━━━ EXERCISE MATERIAL

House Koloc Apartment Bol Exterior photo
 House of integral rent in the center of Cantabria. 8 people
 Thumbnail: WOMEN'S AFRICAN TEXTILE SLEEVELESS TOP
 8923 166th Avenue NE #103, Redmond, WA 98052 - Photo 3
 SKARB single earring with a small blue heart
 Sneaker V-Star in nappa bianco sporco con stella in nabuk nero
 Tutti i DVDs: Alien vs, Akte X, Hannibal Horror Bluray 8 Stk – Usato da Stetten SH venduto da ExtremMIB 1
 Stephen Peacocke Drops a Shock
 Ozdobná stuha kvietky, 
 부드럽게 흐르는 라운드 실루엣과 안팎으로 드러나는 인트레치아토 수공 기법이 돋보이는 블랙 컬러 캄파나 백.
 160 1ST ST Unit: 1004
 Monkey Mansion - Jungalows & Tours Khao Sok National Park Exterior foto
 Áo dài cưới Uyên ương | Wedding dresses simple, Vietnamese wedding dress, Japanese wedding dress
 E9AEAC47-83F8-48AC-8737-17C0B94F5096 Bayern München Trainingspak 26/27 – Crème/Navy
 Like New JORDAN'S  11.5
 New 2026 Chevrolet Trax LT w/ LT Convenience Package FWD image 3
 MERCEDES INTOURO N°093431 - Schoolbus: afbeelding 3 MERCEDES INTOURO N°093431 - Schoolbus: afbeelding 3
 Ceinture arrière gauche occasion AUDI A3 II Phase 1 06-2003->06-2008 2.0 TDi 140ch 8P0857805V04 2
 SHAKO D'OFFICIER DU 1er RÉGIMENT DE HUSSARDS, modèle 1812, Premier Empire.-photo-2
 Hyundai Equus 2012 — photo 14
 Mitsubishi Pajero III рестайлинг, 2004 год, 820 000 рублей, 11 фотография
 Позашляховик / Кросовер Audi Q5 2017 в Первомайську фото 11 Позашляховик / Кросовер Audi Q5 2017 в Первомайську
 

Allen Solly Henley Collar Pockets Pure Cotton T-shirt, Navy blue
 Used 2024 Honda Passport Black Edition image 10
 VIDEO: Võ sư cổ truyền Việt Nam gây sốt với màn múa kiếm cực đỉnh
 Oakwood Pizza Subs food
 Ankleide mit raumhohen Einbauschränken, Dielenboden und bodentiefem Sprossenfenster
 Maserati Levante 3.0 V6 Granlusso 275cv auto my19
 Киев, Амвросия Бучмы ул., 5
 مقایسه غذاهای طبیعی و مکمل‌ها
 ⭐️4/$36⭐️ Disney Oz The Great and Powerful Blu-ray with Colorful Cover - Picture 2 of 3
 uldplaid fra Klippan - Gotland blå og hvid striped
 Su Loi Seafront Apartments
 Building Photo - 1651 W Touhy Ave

━━━━━━

• **EXERCISE DIRECTIONS**
From the entries above, write out only the lines starting at the line that holds "VIDEO: Võ sư" and ending at the line that holds "مقایسه غذاهای طبیعی و مکمل‌ها", keeping both and matching them exactly.

• **SOLUTION FOR THIS PROBLEM**
 VIDEO: Võ sư cổ truyền Việt Nam gây sốt với màn múa kiếm cực đỉnh
 Oakwood Pizza Subs food
 Ankleide mit raumhohen Einbauschränken, Dielenboden und bodentiefem Sprossenfenster
 Maserati Levante 3.0 V6 Granlusso 275cv auto my19
 Киев, Амвросия Бучмы ул., 5
 مقایسه غذاهای طبیعی و مکمل‌ها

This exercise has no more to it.